Jaap Vink (1930–2023) passed away at the age of 92
Jaap Vink (Den Helder, 12 February 1930 – Appingedam, 30 January 2023) studied engineering at first, but then became interested in electronic music. He attended courses in electroacoustics at Delft University of Technology and installed a pedagogical studio for electronic music in 1961 at the Gaudeamus Foundation in Bilthoven with the help of the Nederlandse Radio Unie (NRU). He was a staff member at the Institute of Sonology as a teacher in analogue studio techniques from 1967 until his retirement in 1993, where he taught and assisted an enormous number of students and composers from all over the world.
Jaap Vink always tried to break out of the periodicity of the sounds so abundantly available in the electronic studio. Although his music was entirely produced with purely electronic sound material, its textures resemble the richness of orchestral sounds, or large natural sound-complexes, as a result of recursive processes.

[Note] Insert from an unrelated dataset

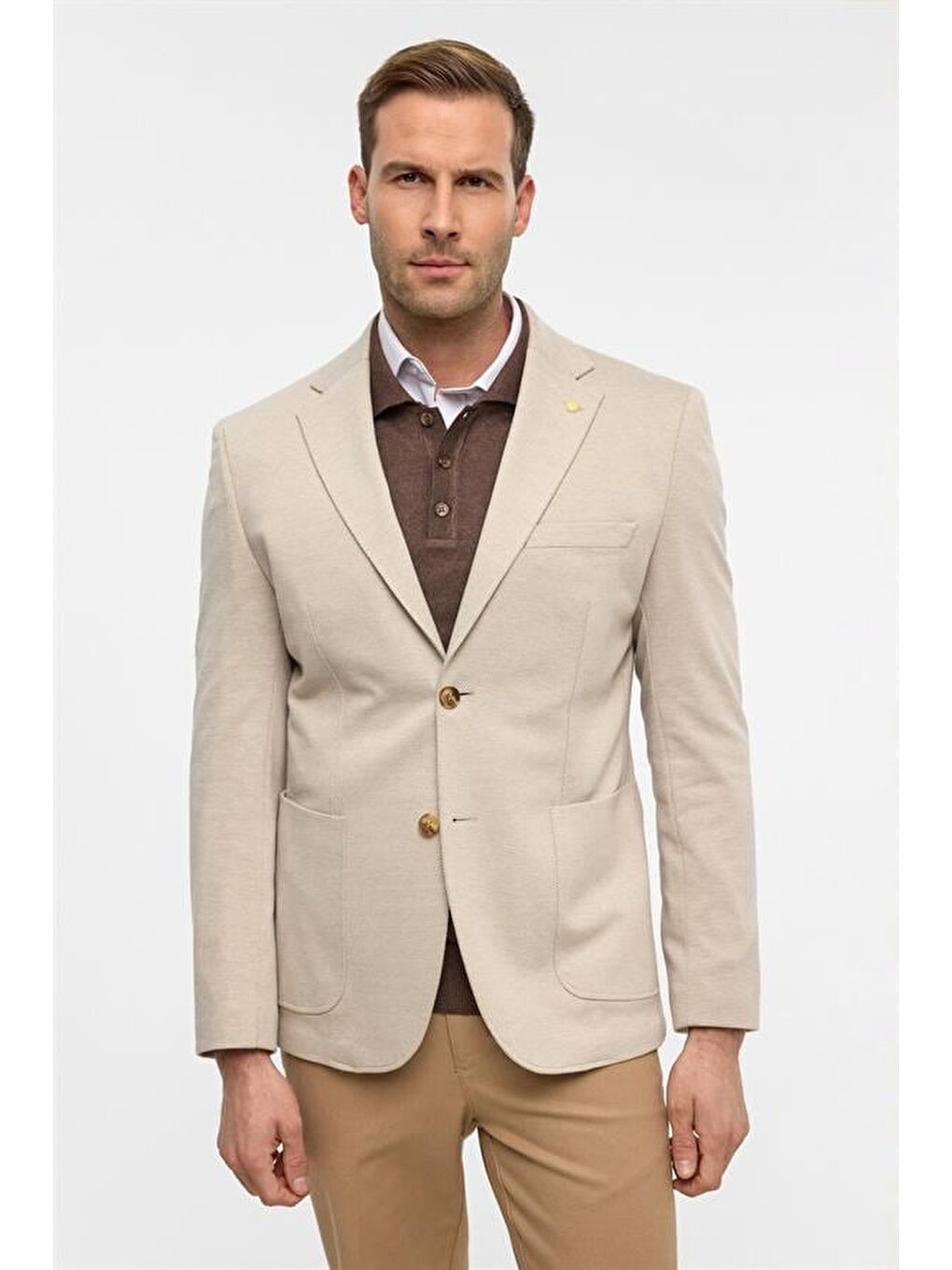 Bej Slim Desenli Mono Yaka 6 Drop Ceket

The density of their sound material increases and decreases by careful control of feedback networks with configurations of analogue tape recorders (delay lines), filters and modulators.
It should come as no surprise that his work is being rediscovered at a time when a new generation of musicians has conquered the stage with modular synthesizer setups and ‘no-input mixers’, in which feedback of audio and control signals plays an important role. And although Jaap Vink’s music wasn’t performed live but produced and recorded on magnetic tape in the studio, it is exactly the human interaction with feedback processes that connects his work with the current generation of live electronic music performers. To some extent Jaap Vink’s pieces are indeed recorded live improvisations, and extending his patches and ‘rehearsing’ with them was an ongoing process. To see Jaap Vink at work in the studio was to hear the studio coming to life.